Use object size estimates to control when the GC starts
Currently the GC kicks in when a certain number of blocks has been allocated. While straightforward to implement, this can lead to memory bloat. For example, when allocating four 1GB strings the garbage collector will only allocate up to 1 block, as 1020 objects fit in a block. At this point the used memory is 4GB + 32 KB. If these strings go out of scope, the GC won't kick in, instead we have to wait until we cross the block allocation threshold. This in turn leads to the program retaining the 4GB for much longer than necessary.
One way of solving this is to add Object::estimated_size()
. This method would return a usize
containing the estimated size of the object. For a String the size would be calculated as follows:
mem::size_of::<Object>()
+ mem::size_of::<String>()
+ ( string_value.len() * 8 )
For an Array we just do:
mem::size_of::<Object>()
+ mem::size_of::<Vec<ObjectPointer>>()
+ ( array_value.len() * mem::size_of::<ObjectPointer>() )

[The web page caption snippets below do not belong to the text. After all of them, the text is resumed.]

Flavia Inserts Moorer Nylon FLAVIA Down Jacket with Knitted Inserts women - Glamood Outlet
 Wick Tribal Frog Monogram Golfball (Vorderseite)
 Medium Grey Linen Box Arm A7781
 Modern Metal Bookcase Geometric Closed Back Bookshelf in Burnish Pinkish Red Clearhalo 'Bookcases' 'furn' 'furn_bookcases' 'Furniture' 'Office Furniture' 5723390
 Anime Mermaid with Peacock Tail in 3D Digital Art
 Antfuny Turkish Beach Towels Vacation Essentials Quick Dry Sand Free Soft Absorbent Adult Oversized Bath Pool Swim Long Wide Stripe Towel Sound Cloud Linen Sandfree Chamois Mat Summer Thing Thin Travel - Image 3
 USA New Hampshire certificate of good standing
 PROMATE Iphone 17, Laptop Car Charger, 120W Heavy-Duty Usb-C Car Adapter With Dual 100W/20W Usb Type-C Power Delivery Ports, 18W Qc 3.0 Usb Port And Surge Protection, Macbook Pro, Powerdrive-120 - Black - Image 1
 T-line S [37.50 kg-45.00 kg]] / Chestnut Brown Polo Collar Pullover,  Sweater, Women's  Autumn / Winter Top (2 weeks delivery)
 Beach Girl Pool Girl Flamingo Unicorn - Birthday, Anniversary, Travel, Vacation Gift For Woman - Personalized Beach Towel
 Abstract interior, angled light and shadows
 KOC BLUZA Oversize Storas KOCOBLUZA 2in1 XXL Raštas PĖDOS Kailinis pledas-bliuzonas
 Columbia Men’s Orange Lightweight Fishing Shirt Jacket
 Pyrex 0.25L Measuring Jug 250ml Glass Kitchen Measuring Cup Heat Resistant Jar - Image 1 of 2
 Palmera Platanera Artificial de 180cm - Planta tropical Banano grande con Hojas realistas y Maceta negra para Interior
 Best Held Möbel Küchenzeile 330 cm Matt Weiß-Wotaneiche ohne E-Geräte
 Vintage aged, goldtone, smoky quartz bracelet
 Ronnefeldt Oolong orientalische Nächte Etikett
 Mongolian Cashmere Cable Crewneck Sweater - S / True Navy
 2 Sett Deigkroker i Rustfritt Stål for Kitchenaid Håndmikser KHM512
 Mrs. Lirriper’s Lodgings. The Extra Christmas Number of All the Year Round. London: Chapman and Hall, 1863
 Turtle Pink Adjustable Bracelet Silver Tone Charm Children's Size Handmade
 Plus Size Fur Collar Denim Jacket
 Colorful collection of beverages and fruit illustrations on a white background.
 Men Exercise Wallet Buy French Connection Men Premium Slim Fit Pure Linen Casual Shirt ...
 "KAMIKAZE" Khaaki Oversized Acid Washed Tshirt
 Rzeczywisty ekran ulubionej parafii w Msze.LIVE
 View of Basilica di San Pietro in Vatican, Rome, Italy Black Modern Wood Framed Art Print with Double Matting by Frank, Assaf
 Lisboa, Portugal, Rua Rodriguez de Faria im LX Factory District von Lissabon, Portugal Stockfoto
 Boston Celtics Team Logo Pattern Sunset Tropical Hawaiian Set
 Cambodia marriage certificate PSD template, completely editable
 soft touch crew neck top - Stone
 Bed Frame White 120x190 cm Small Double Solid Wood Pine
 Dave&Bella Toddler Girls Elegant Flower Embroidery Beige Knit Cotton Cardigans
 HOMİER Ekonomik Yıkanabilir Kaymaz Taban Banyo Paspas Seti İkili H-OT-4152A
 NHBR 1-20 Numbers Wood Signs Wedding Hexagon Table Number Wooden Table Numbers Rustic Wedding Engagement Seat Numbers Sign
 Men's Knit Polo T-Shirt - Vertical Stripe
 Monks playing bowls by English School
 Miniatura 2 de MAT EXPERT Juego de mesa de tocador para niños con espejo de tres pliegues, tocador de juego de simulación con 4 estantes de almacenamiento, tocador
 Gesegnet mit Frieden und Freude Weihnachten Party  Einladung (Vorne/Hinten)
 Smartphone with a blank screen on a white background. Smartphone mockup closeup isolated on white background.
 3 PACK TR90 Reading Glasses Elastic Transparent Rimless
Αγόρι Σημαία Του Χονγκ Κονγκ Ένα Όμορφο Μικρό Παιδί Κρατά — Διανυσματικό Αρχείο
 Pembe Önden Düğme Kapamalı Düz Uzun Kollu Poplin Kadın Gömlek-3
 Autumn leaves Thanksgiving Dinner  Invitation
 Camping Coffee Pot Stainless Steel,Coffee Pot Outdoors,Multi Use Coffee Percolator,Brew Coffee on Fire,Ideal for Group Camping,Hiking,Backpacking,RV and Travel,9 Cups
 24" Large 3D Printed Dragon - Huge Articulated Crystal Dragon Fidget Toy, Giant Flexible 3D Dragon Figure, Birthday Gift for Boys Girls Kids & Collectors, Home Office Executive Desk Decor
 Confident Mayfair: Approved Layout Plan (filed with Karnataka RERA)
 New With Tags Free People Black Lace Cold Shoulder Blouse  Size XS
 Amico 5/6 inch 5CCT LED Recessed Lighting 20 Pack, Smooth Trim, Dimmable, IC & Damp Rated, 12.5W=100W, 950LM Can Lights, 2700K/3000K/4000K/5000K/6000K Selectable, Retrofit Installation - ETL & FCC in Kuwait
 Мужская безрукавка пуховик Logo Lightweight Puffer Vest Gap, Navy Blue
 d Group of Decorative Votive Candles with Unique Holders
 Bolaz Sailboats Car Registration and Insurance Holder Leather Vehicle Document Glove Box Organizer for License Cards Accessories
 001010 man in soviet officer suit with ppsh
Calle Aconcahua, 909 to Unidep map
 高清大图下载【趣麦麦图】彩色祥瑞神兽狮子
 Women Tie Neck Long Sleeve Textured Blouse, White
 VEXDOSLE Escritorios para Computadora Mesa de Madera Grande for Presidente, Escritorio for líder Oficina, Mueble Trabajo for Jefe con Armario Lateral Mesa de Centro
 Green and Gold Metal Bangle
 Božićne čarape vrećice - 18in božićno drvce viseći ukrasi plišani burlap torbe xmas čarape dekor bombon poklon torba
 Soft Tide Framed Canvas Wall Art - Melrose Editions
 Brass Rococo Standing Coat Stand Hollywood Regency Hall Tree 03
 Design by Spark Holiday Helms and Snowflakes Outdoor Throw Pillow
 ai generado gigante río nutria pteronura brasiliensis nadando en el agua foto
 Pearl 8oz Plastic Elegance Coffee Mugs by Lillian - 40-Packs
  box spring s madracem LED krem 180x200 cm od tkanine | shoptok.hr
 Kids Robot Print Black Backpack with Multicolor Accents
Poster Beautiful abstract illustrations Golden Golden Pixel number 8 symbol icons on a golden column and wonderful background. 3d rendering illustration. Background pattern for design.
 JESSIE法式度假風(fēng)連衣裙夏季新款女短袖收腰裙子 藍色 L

Here we don't need to recurse into the ObjectPointer values stored in the Array, as the underlying object sizes have already been added to the allocation estimate.
With this data available, instead of using a block count threshold, we use an "estimated byte allocation" threshold. This could lead to more aggressive garbage collecting, so we may also need to increase the amount of survivor spaces to prevent premature promotion to the mature generation.